Assignment
What needs transcribing is the line with "Photo of Gift" and every line after it to the end of the records, exactly and alone, with no pictures.

[[ Exercise inputs, beginning ]]

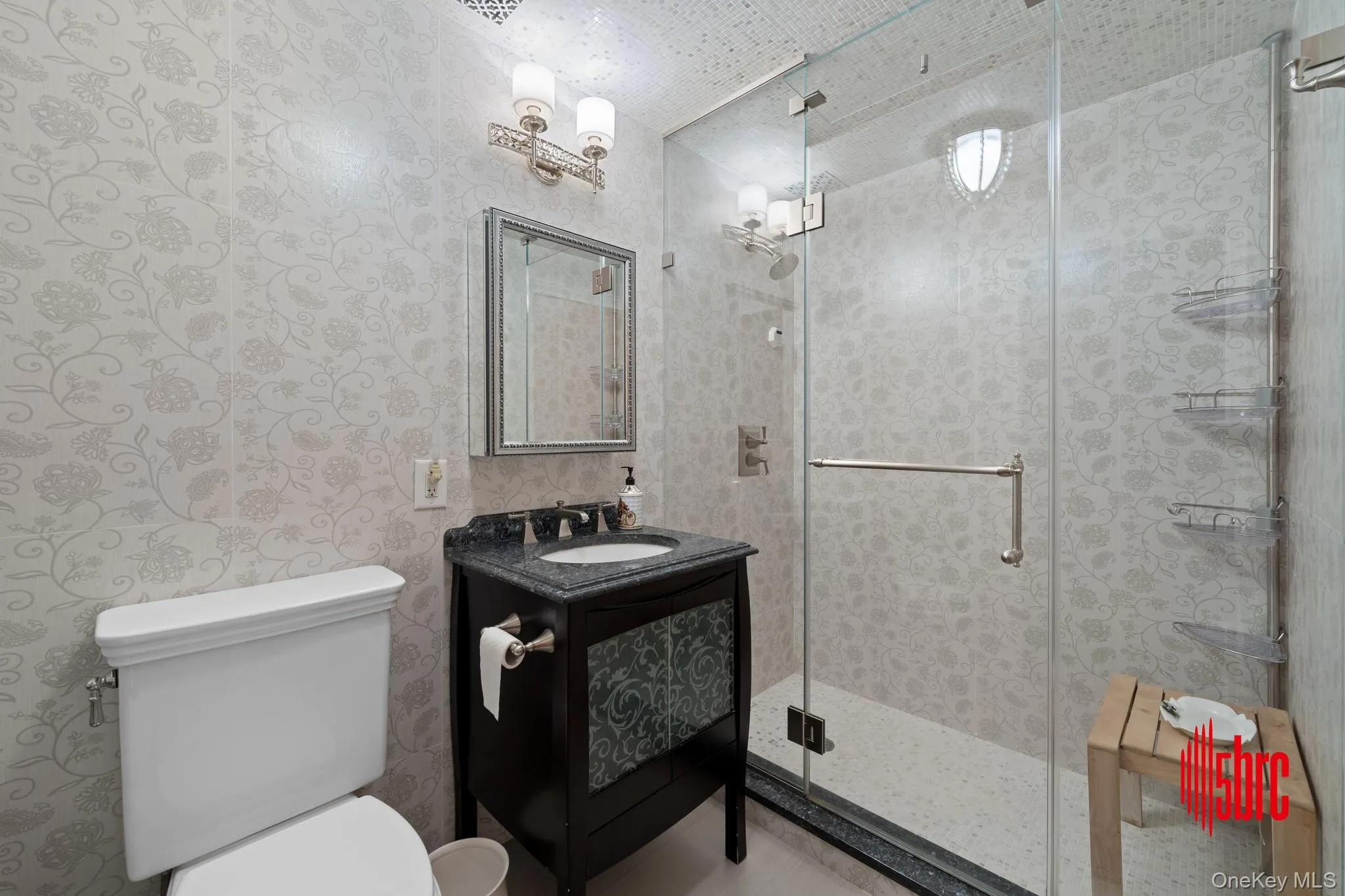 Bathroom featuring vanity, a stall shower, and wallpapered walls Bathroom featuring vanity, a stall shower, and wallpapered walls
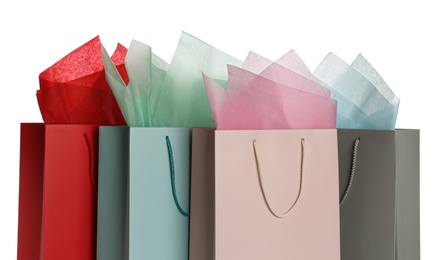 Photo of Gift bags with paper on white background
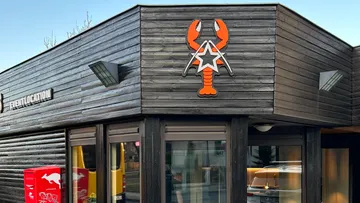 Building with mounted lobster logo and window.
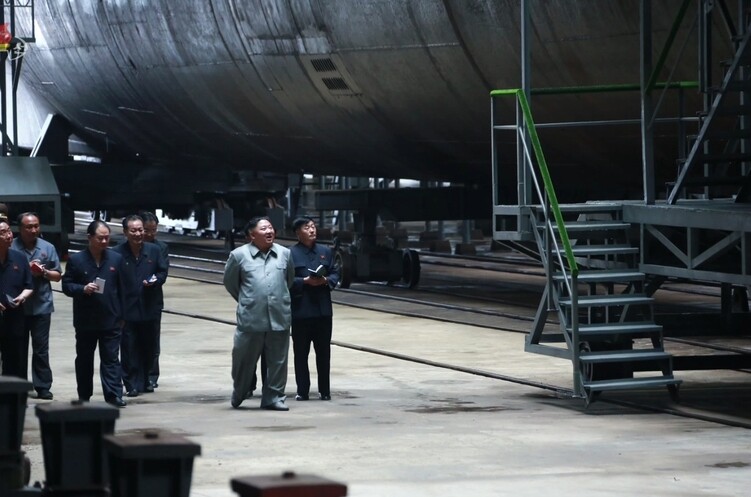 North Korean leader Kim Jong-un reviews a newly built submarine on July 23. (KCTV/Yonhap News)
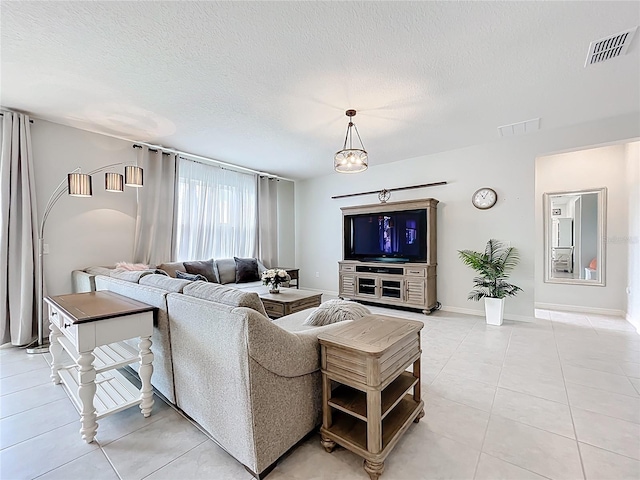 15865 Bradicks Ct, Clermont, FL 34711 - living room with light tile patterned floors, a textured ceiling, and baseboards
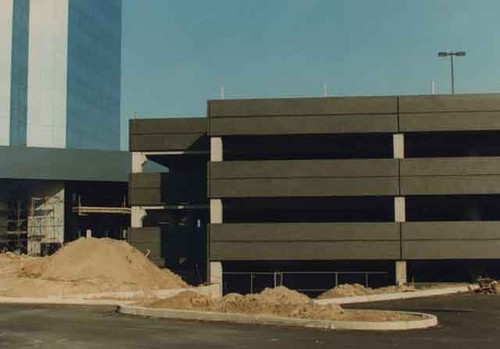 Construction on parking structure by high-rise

[[ Exercise inputs, end ]]

Answer space
 Photo of Gift bags with paper on white background
 Building with mounted lobster logo and window.
 North Korean leader Kim Jong-un reviews a newly built submarine on July 23. (KCTV/Yonhap News)
 15865 Bradicks Ct, Clermont, FL 34711 - living room with light tile patterned floors, a textured ceiling, and baseboards
 Construction on parking structure by high-rise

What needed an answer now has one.